During 18-25 May 2026, Brent crude oil prices fluctuated between $103.54 and $110.93 per barrel. On a weekly basis, oil prices dropped about 5.5% due to rising hopes that Iran and the United States would reach a diplomatic agreement. Despite this hope, prices remained above pre-conflict levels as the Strait of Hormuz stayed closed.

On Saturday, President Donald Trump announced that talks between Iran and the US had largely concluded and that the reopening of the Strait of Hormuz was part of the agreement. Energy markets have yet to react.
The bitumen markets were still under pressure of uncertainty of reopening Hormuz, supply disruptions, and the risk of renewed conflict between Iran and the US.
In Asia, bitumen markets experienced supply disruptions driven by Middle East tensions. Also, demand was weak across Southeast Asia due to rainfall. Bitumen prices in Singapore edged up by $4.5 to $560-573/t because of limited available cargo. Despite weak demand, South Korean export prices increased by $5 to $529-538/t due to limited supply and high crude prices.

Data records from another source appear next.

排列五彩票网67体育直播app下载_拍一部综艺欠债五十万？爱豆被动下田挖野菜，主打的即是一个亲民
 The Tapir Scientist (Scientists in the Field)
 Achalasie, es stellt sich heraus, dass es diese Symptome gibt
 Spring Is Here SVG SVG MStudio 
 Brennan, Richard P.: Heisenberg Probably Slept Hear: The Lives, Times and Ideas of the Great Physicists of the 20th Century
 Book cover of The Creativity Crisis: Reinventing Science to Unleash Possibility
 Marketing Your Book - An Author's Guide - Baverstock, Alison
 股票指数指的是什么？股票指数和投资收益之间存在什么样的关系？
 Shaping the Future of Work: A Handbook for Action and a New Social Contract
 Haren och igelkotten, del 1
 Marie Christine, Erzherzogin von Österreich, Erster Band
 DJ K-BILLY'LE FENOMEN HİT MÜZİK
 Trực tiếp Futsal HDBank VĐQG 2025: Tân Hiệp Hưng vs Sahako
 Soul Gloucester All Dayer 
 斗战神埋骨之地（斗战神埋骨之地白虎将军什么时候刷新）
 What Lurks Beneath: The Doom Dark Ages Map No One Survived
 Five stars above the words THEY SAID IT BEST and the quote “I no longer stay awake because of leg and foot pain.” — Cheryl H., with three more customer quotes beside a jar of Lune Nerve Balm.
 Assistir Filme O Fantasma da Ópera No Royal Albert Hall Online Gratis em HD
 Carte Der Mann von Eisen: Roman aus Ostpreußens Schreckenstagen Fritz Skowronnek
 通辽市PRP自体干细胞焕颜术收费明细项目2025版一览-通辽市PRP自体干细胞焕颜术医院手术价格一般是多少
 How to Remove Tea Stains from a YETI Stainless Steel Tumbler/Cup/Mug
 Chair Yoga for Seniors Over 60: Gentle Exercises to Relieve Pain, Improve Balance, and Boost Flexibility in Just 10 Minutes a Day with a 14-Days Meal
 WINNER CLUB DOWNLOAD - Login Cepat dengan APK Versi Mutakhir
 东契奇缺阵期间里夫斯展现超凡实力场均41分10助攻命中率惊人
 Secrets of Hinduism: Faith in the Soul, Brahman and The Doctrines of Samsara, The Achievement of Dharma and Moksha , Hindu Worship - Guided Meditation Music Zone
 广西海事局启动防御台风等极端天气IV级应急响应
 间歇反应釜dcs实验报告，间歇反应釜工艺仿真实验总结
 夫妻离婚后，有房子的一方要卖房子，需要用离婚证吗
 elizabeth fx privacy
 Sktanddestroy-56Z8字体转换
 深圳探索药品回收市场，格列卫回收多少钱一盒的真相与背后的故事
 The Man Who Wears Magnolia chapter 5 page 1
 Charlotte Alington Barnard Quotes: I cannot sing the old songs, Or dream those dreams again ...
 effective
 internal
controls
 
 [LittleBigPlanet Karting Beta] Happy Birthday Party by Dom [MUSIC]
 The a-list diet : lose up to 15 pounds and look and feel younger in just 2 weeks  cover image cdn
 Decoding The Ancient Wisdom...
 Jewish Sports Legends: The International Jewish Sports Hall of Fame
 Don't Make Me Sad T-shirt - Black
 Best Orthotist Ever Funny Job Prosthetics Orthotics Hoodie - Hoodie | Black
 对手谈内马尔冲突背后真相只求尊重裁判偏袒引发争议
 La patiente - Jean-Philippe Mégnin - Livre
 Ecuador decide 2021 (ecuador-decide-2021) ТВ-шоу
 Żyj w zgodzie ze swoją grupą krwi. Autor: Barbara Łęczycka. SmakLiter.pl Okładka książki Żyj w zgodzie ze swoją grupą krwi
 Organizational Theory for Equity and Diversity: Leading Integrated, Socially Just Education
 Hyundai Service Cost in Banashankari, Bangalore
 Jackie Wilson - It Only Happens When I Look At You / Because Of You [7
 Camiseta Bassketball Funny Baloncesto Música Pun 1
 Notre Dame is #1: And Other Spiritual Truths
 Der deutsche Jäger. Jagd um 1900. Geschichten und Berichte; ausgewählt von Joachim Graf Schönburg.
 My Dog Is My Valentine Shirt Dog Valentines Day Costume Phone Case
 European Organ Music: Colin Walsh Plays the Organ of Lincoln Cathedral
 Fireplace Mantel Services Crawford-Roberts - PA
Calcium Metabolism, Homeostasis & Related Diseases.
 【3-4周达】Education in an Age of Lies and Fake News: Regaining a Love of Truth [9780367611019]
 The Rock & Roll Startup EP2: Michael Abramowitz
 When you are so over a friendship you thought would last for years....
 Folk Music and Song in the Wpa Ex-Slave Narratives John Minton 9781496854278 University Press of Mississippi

In China, domestic prices rose due to tight supply, but demand remained weak during the rainy season. Import demand in East China stayed muted as domestic supply covered buyers’ demand.
In India, bitumen consumption fell sharply as elevated domestic prices made paving uneconomical for most contractors. Also, inventories were limited as tankers carrying Middle East cargoes were stuck due to the US-Iran conflict.
In the Middle East, the Strait of Hormuz stayed closed, which kept regional oil and bitumen flows disrupted. Weak Iranian export activity added pressure on bitumen producers and weakened demand for vacuum bottom (VB) feedstock.
In Africa, heavy rainfall across South Africa and West African countries weakened bitumen demand in this region. West African import cargo prices slipped slightly in line with lower HSFO values. In East Africa, drum cargo prices into Mombasa and Dar es Salaam jumped $18/t, but supply remained scarce, and importers continued searching for alternatives to Mideast sources.